The Historic Racing Car Association (HRCA) has announced that the inaugural Gordon Bennett Reliability Trials will be run on Saturday, July 2nd, with the course starting and ending in Athy, Co. Kildare.
The event, which is open to all pre-1940 vehicles will see approximately 50 veteran and vintage machines tracing the route of the 1903 Gordon Bennett Cup with awards given to competitors for completing their elected distances.
Like the original race, the HRCA's event will comprise both a long and a short course, running through counties Kildare, Carlow and Laois. Competitors will choose the distance they wish to cover, up to and including that of the original race, i.e., three laps of the short course and four of the long, a distance of some 525km. Awards will be given for vehicles which complete their elected distance with a special award too for pre-1904 finishers.
Because the event is being run on public roads, time or speed will play no part, the challenge being in successfully covering a not-insubstantial distance in cars which may be well over a century old.
What was the Gordon Bennett Cup?
The Gordon Bennett Cup was a motor racing event founded in 1900 by the American newspaper magnate, James Gordon Bennett, who was famous for financing expeditions and exploits in ballooning, yachting and motoring. The event worked a bit like the Eurovision in that if a driver representing a particular country won, that country would host the next year's event. The 1902 Paris-Innsbruck race was won by English driver, Selwyn Edge, which immediately posed a problem for the 1903 event - Britain, at the time, had a 12mph speed limit.
The organisers came up with the idea of hosting the race in Ireland, then part of the UK, where it was unlikely to face as much public opprobrium and where an Act of Parliament could easily lift the 12mph speed limit for the day.
In May 1903, just before the Gordon Bennett came to Ireland, another race, the Paris-Madrid, was halted halfway through due to the deaths of eight people (five drivers and three spectators). The whole future of motorsport was in jeopardy and there were serious discussions about banning it outright for being simply too dangerous.
In the end, in part thanks to the Irish race, that didn't come to pass. The 1903 Gordon Bennett running through Kildare, Carlow and Laois, was a phenomenal success drawing tens of thousands of spectators who turned out to watch these ultra-modern racing machines from France, Germany, Britain and the United States battling it out for victory on Ireland's narrow, potholed boreens. This was at a time when there were just 50 cars in the whole country and donkeys and carts still reigned supreme on the roads.
Yet, despite the crowds and the tough racing conditions, not a single driver or spectator was killed or seriously injured, mostly down to what was then a brand-new innovation - actually closing the roads to other traffic for the event. As such, the 1903 Gordon Bennett, which was won by the Belgian driver Camille Jenatzy driving a Mercedes for Germany, is sometimes hailed as "the race that saved motorsport". The British drivers, in honour of the host country, chose to race in green, a tradition which would continue until the advent of sponsored liveries in the 1960s.

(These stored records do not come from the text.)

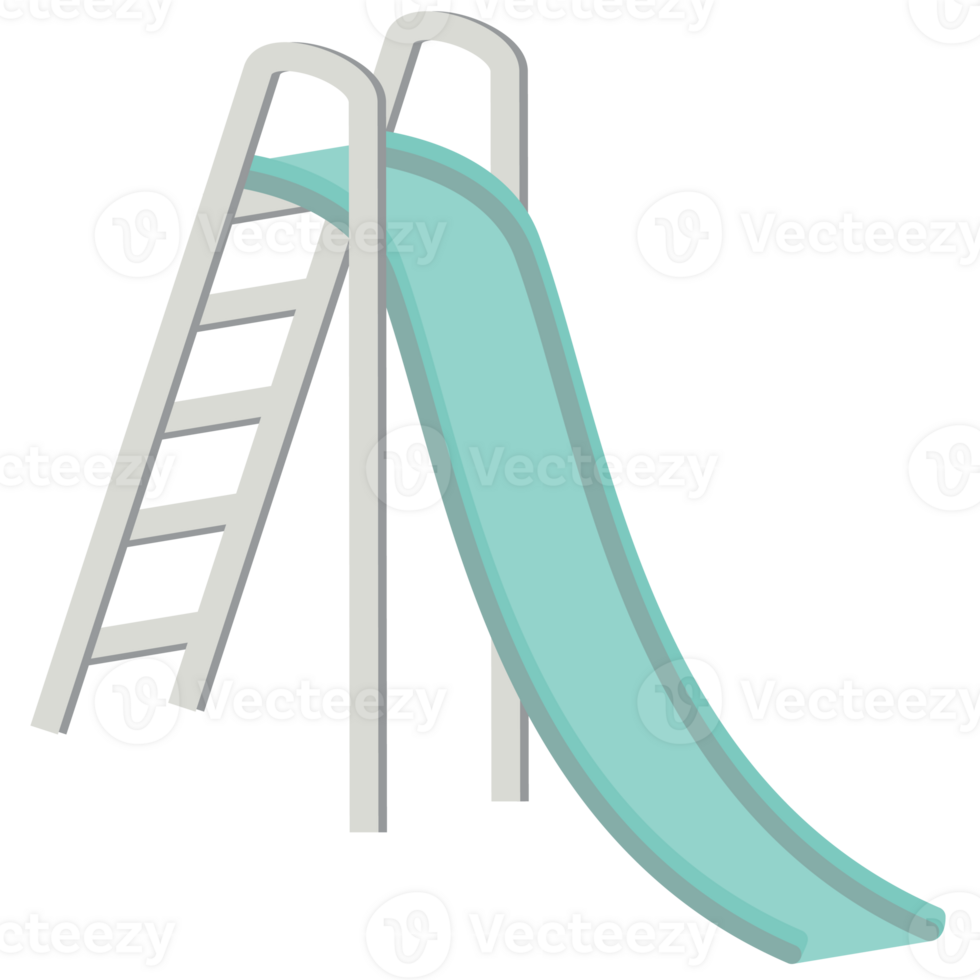 Outdoor Slide Toys On The Playground png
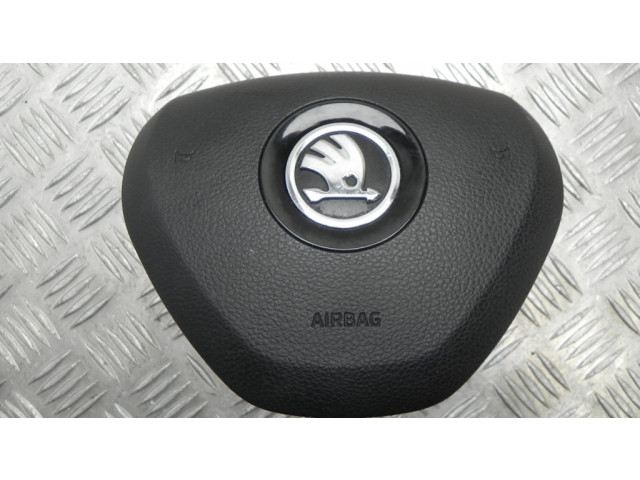 Подушка безопасности водителя 3T0880201F, M4768 Volkswagen Golf VII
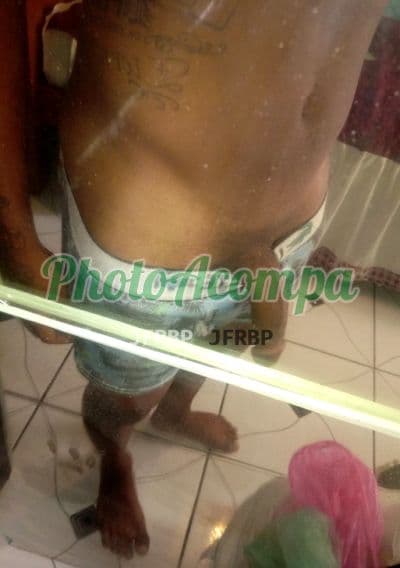Acompanhante masculino em Nova Iguaçu com oral sem camisinha (4) — Wagner Silva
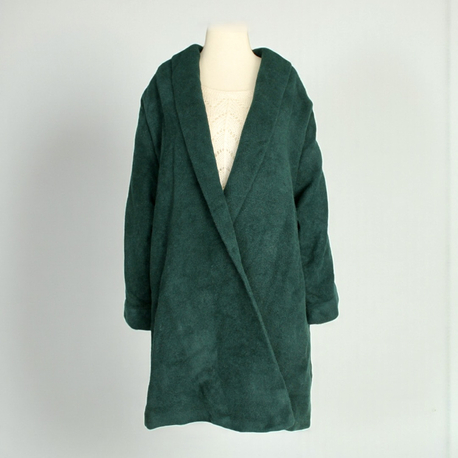 Max Mara Alpaka+Yün Palto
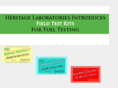 fuelstesting.com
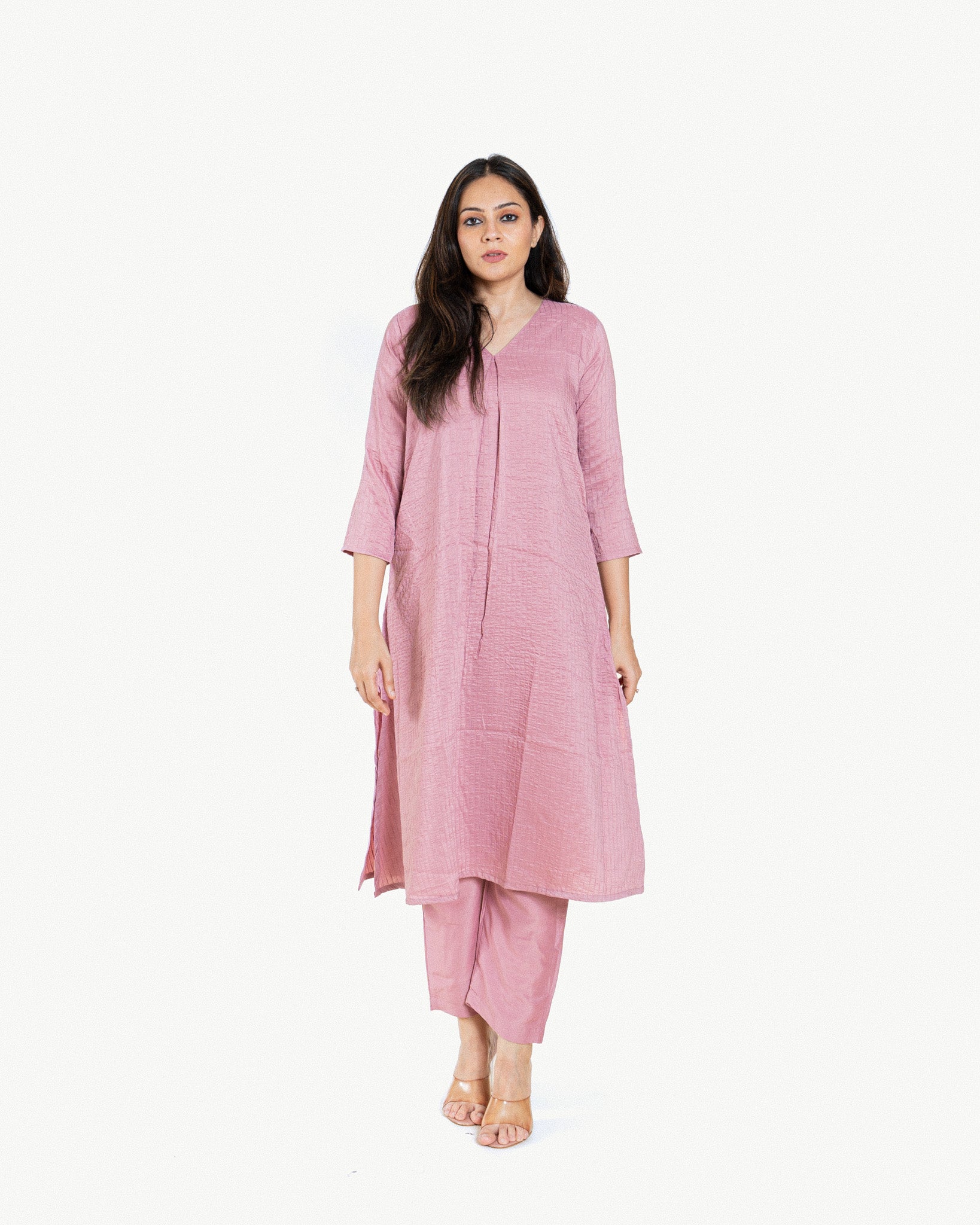 qasr β kurta & pants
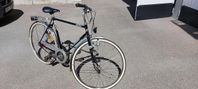 Crescent herrcykel, 28 ”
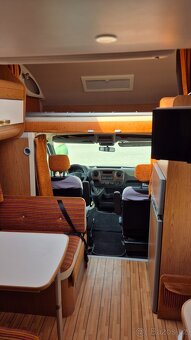 Prodám karavan Rimor XGO - 8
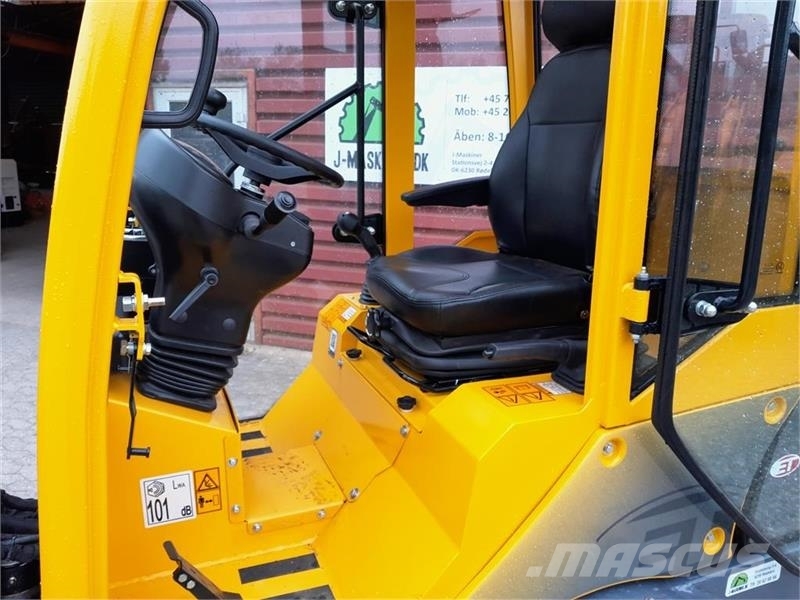 Eurotrac w13f Minilæsser - knækstyret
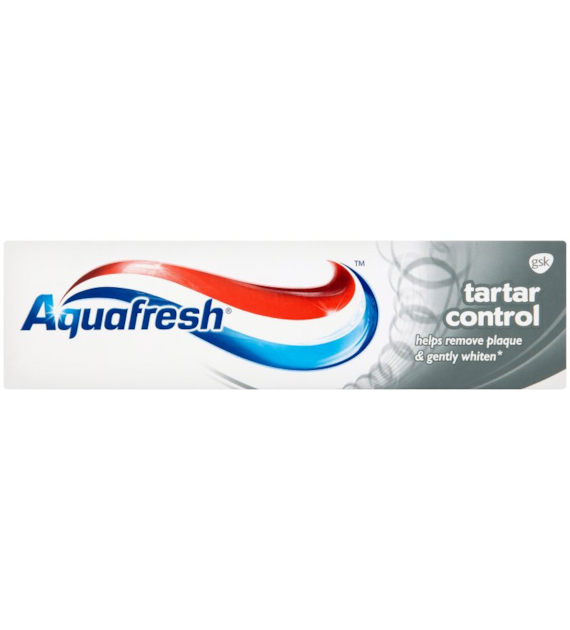 Aquafresh Tartar Control Pasta 75ml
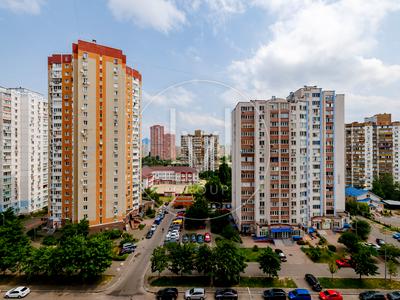 квартира по адресу Драгоманова ул., 4-А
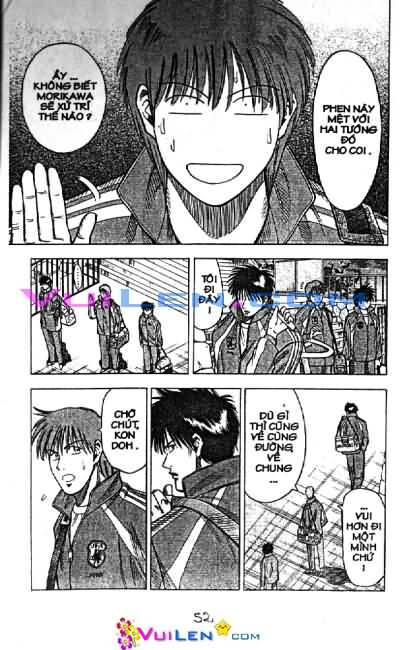 Vũ Điệu Trên Sân Cỏ – Fantasista Chapter 12 - Trang 2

In recent years, two other events under the Gordon Bennett name have sprung up, the best-known of which is the well-established event run by the Irish Veteran and Vintage Car Club and open to pre-1930 cars. The HRCA's motivation, it says, is to create something a little bit tougher, with more of a motorsport bent with as close a route and format to the original race as possible.
What's happening?
Competitors will begin arriving in Athy on Friday afternoon and those who want to take a look at the line-up before Saturday's run can see some of the cars at the Abbey Hotel in Athy on Friday evening.
The event itself will kick off at 9am on Saturday morning with the first cars setting off from Emily Square in Athy. Other vintage and veteran cars will be on display in the square too and the nearby Athy Heritage Museum and Shackleton Centre is hosting a display of Gordon Bennett-related material and memorabilia, some of which have never been on public view before.
The short route will take cars out of Athy, heading in the direction of Kilcullen before turning back south, passing through Crookstown, Moone, Castledermot and Carlow before turning north again back to Athy.
The long route, which will also incorporate the short route in a sort of figure of eight, will see cars heading from Athy to Kilcullen before turning for Kildare, Monasterevin and Portlaoise. The route then takes the event back over the hills towards Athy along the N80 passing through Stradbally and Ballylynan before making another loop of the short course.
Going forward
Speaking to CompleteCar, Ken McAvoy, Vice-Chairman of the HRCA said that although the Association had high hopes for the 2022 event, it was essentially a trial run for 2023, the 120th anniversary of the original race. For next year's event, he said, the HRCA hopes to attract a much larger field of entrants from at home and abroad and, in time, to grow the event to something of the scale and stature of the London to Brighton Veteran Car Run (for pre-1905 cars) or the Goodwood Revival racing festival in the UK.